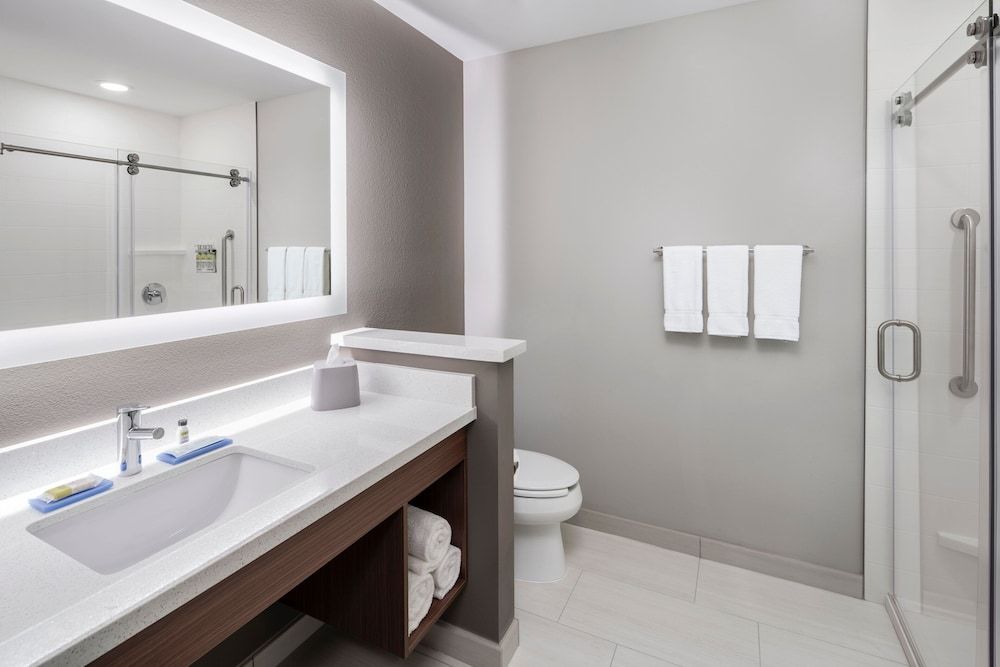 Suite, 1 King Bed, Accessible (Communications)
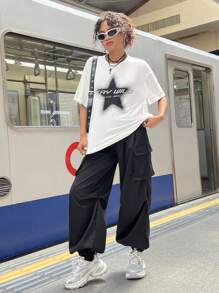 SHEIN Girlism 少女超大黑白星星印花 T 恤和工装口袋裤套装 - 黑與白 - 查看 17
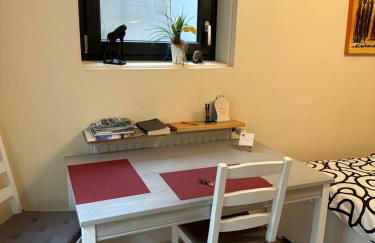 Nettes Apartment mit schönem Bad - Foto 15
= = = = =
### What you are asked to do:
Word for word, restate the material above; do not carry over the pictures.

### Expected output:
 Suite, 1 King Bed, Accessible (Communications)
 SHEIN Girlism 少女超大黑白星星印花 T 恤和工装口袋裤套装 - 黑與白 - 查看 17
 Nettes Apartment mit schönem Bad - Foto 15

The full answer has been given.